TASK DESCRIPTION >>
Reproduce all the entries exactly and keep the pictures out.

Start of SUPPLIED MATERIAL

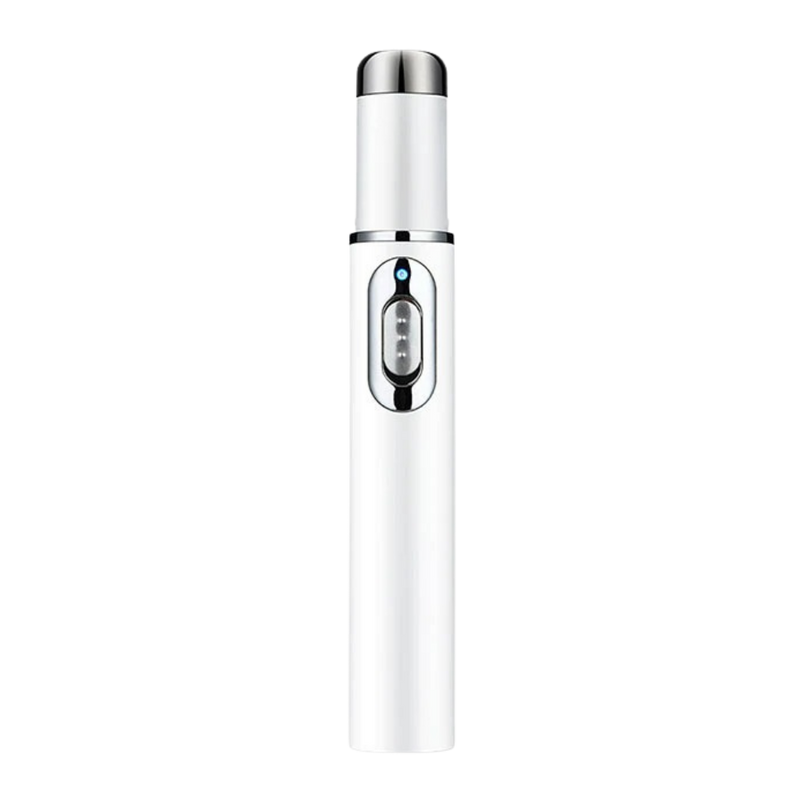 Blue light skin therapy pen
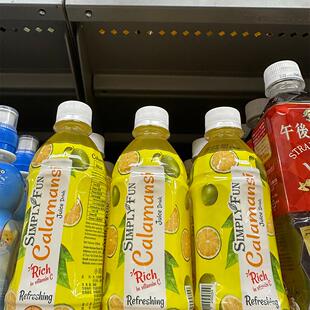 代购正品 越南产 SIMPLY FUN小青柠汁 /青柠汁饮品 350毫升*6瓶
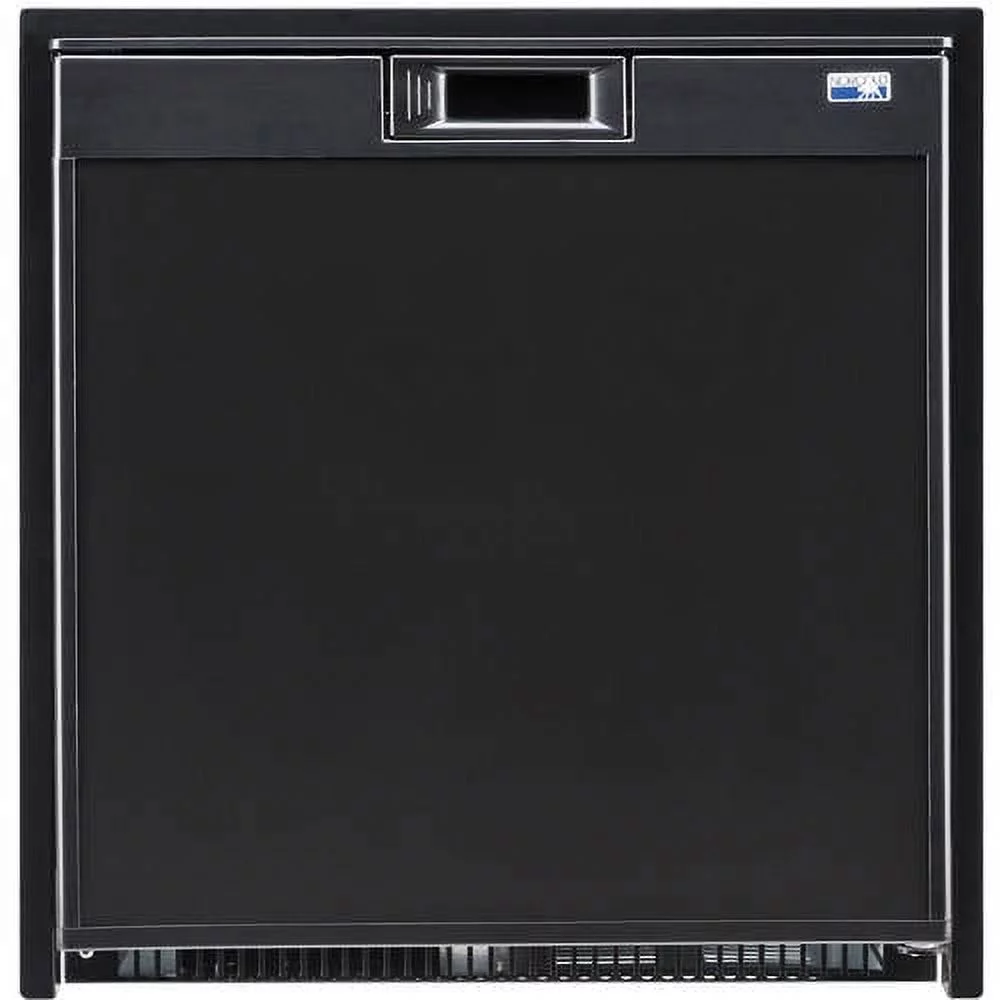 Norcold NR751 AC-DC Refrigerator, 2.7 cu ft, Black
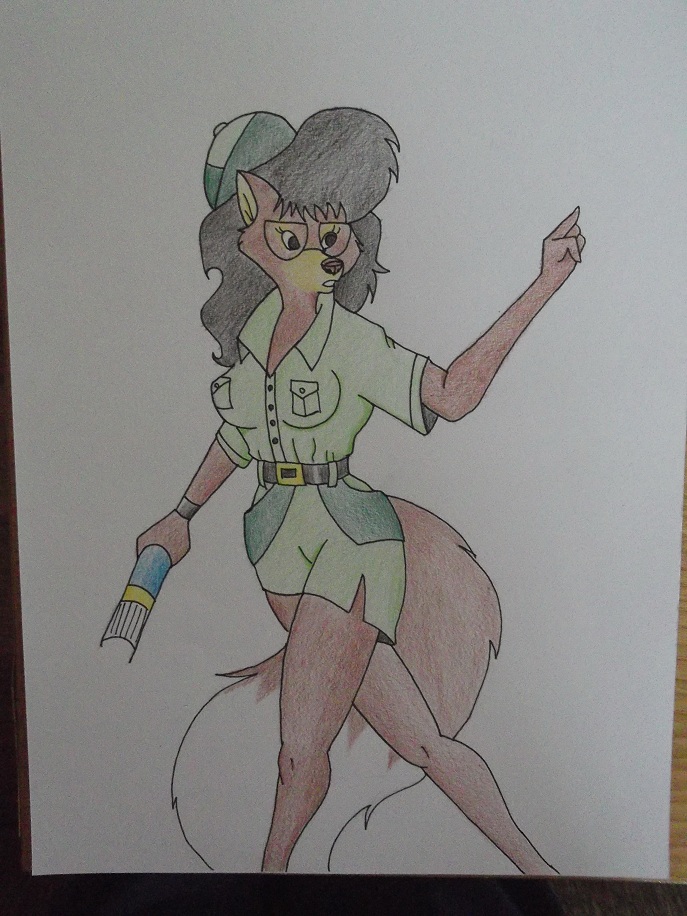 Archaeologist Foxy Lady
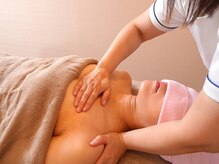 クラルス(CLARUS)/バストまでしっかり流します！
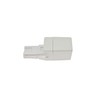 JZK Telephone Line Cable Adapter RJ11, 6P4C BT Female to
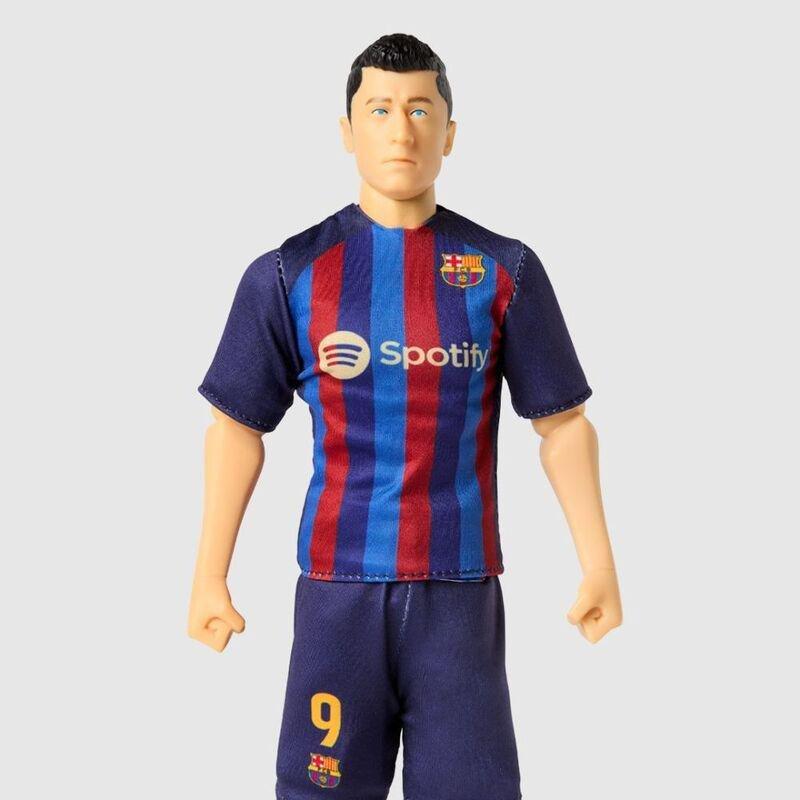 Banbo Lewandowski Socker Team Player Fc Barcelona 30cm Figure, , large image number 4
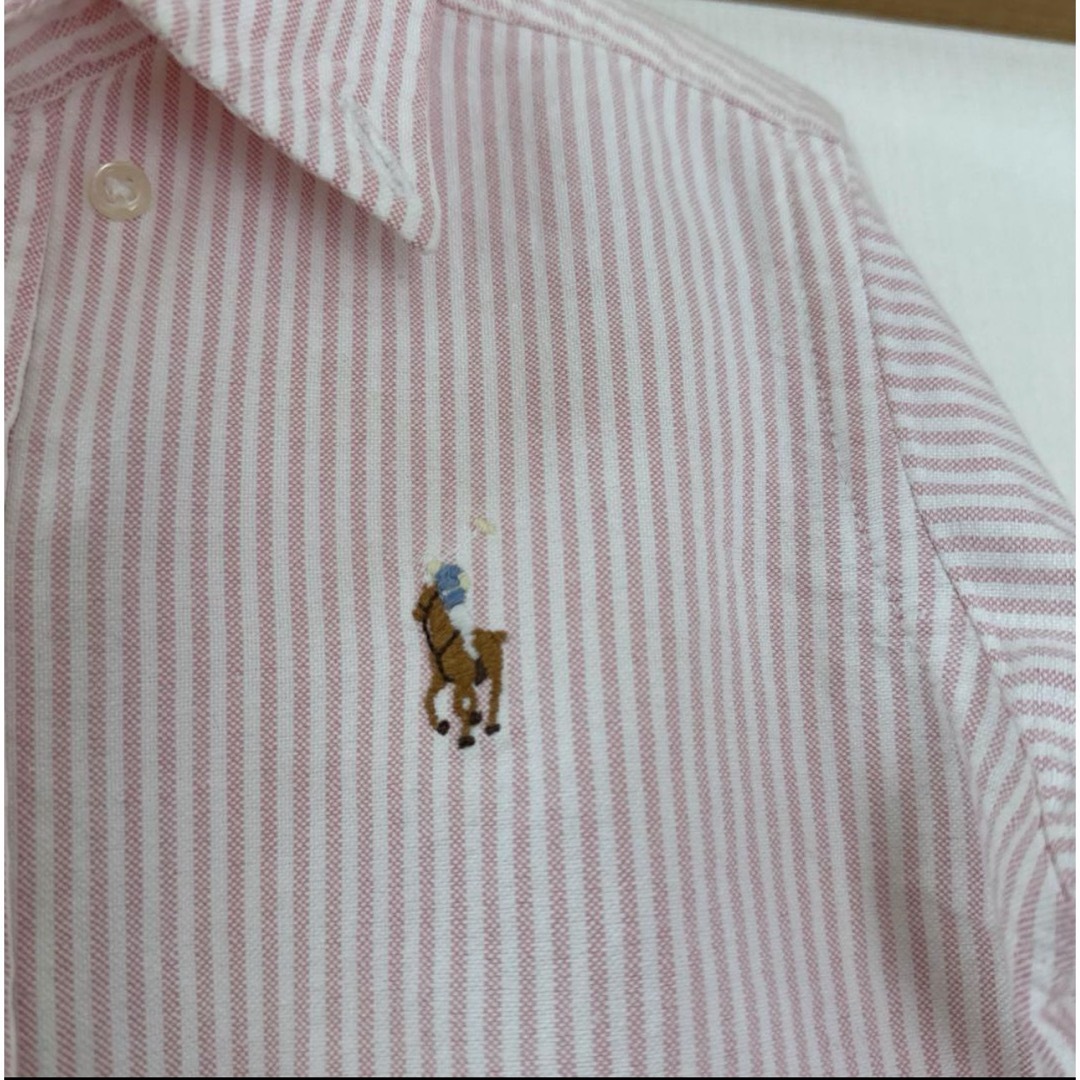 POLO RALPH LAUREN(ポロラルフローレン)のPolo Ralph Laurenラルフローレン　子供シャツ　ブラウス 110 キッズ/ベビー/マタニティのキッズ服男の子用(90cm~)(ブラウス)の商品写真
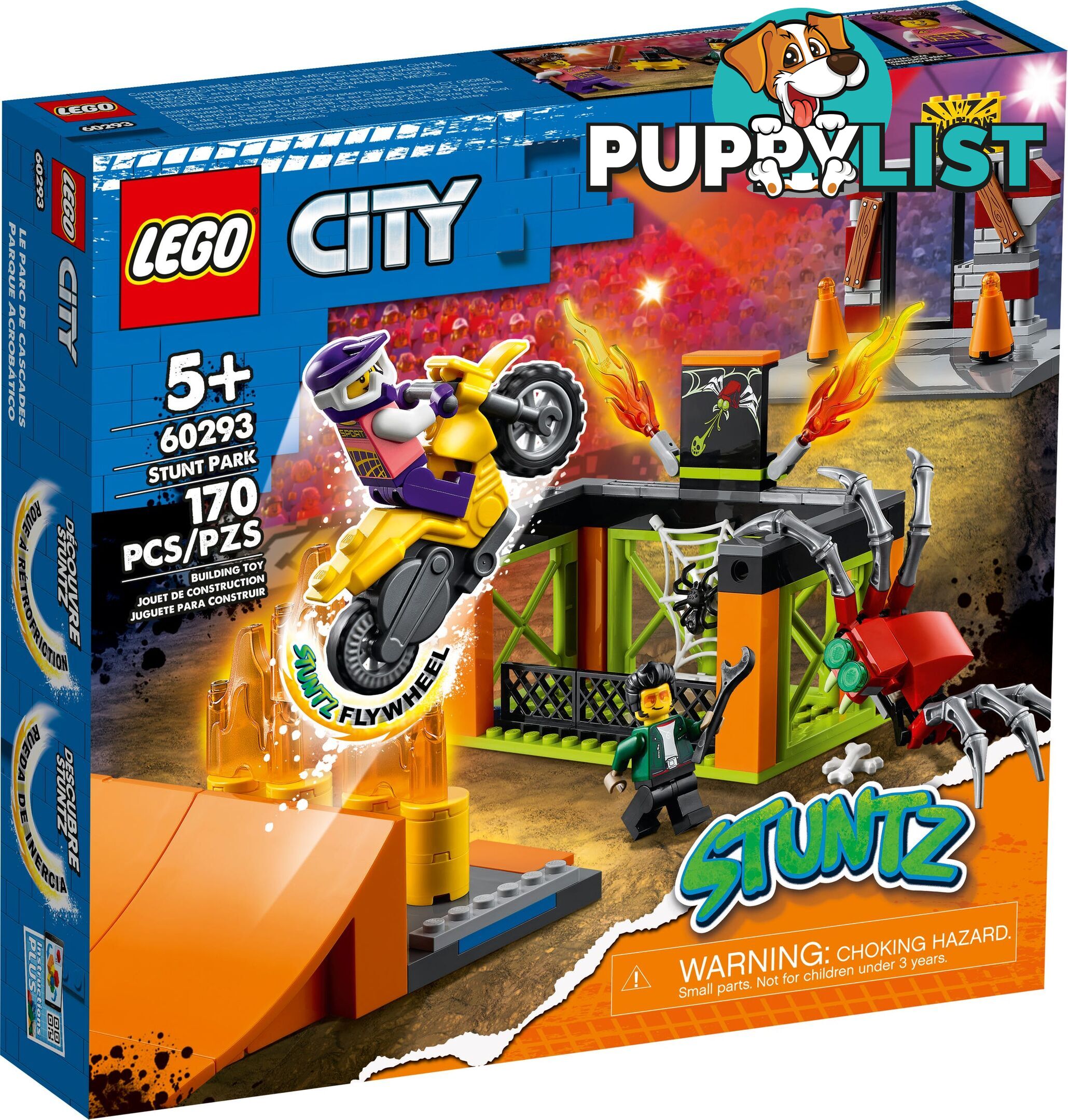 LEGO 60293 Stunt Park - City Stuntz - 5702016911961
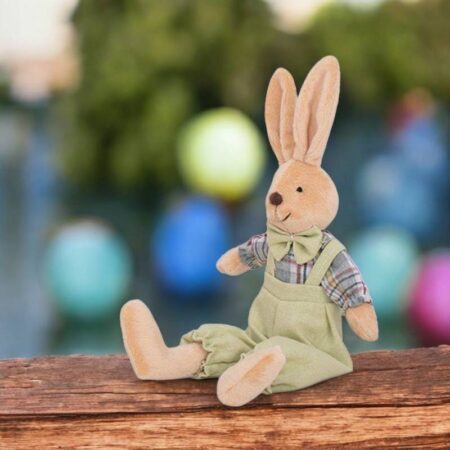 564321 Green Bunny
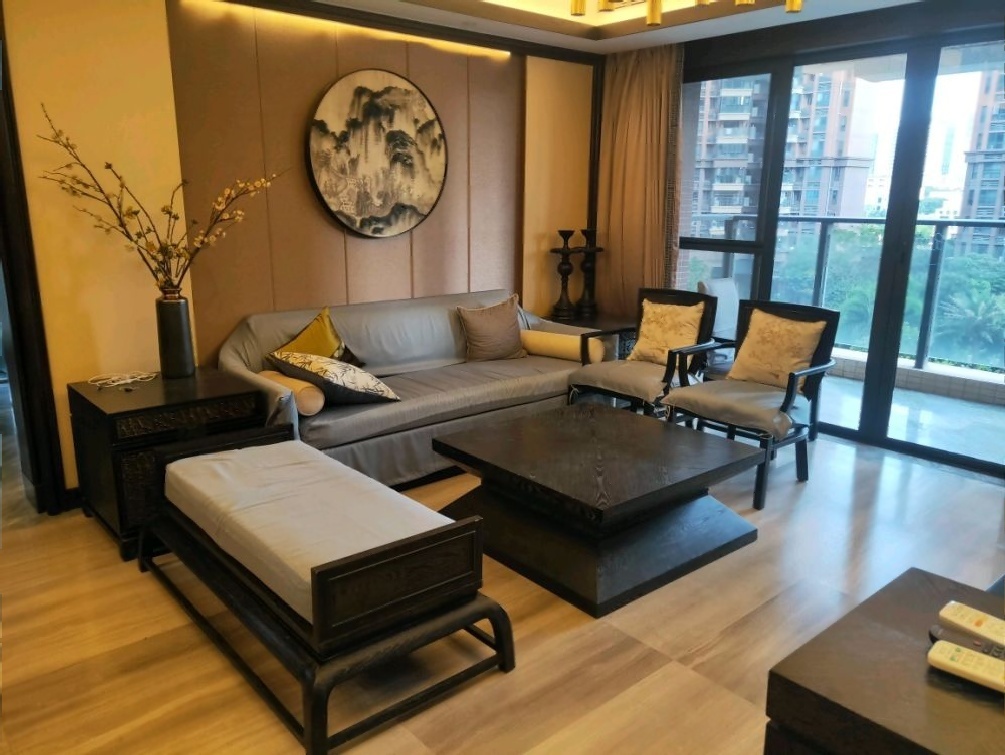 中糧云景國際4室2廳主臥出租租金6500元/月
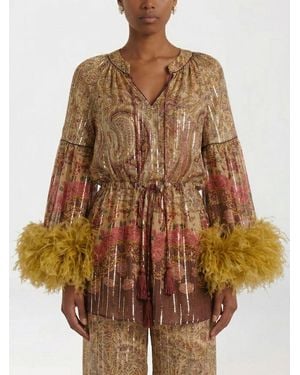 Valentino Top - Brown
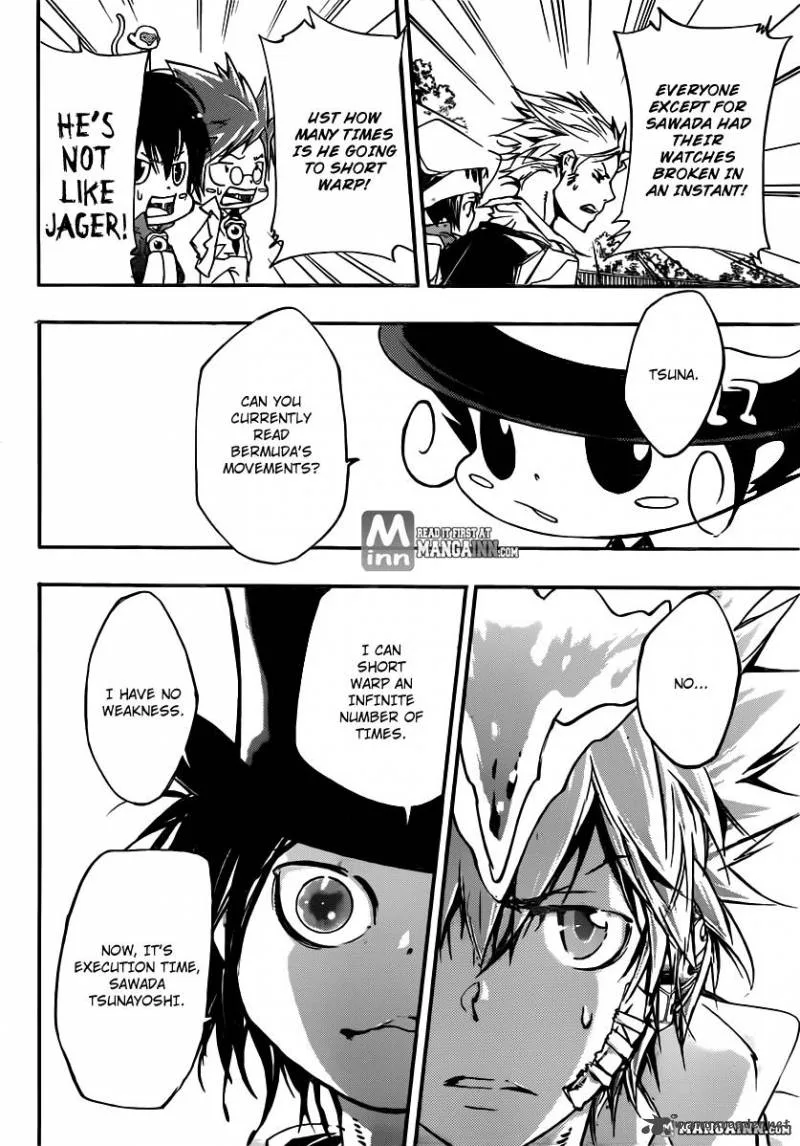Katekyo Hitman Reborn! Chapter 402 page 4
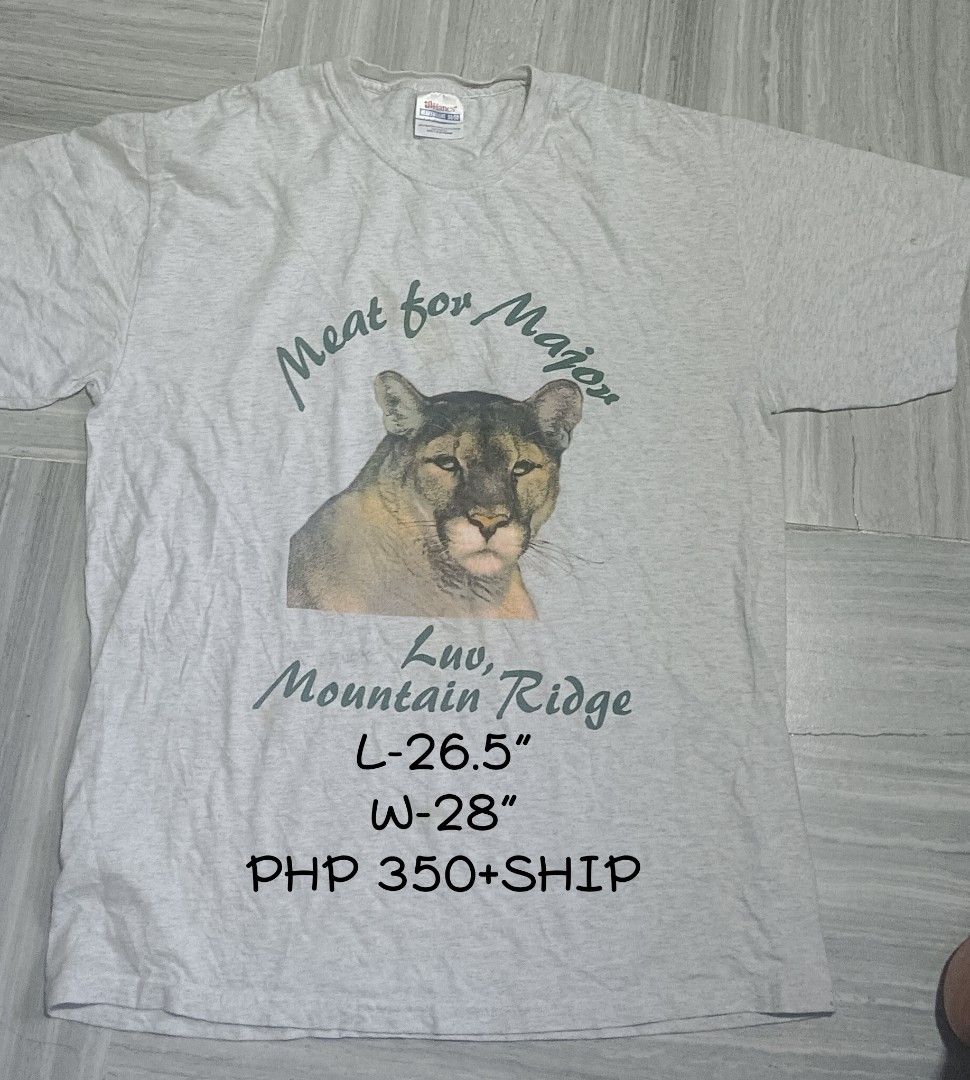 Vintage/band shirt (Category: Tshirts & Polo Shirts ) located in Tarlac. Submitted by ukaybyagp (Listing ID 1466570427, Image 1). Description: details nsa picture po JRS CARRIER po ntin +ship payment 1st po tau.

End of SUPPLIED MATERIAL

EXERCISE OUTPUT >>
 Blue light skin therapy pen
 代购正品 越南产 SIMPLY FUN小青柠汁 /青柠汁饮品 350毫升*6瓶
 Norcold NR751 AC-DC Refrigerator, 2.7 cu ft, Black
 Archaeologist Foxy Lady
 クラルス(CLARUS)/バストまでしっかり流します！
 JZK Telephone Line Cable Adapter RJ11, 6P4C BT Female to
 Banbo Lewandowski Socker Team Player Fc Barcelona 30cm Figure, , large image number 4
 POLO RALPH LAUREN(ポロラルフローレン)のPolo Ralph Laurenラルフローレン　子供シャツ　ブラウス 110 キッズ/ベビー/マタニティのキッズ服男の子用(90cm~)(ブラウス)の商品写真
 LEGO 60293 Stunt Park - City Stuntz - 5702016911961
 564321 Green Bunny
 中糧云景國際4室2廳主臥出租租金6500元/月
 Valentino Top - Brown
Katekyo Hitman Reborn! Chapter 402 page 4
 Vintage/band shirt (Category: Tshirts & Polo Shirts ) located in Tarlac. Submitted by ukaybyagp (Listing ID 1466570427, Image 1). Description: details nsa picture po JRS CARRIER po ntin +ship payment 1st po tau.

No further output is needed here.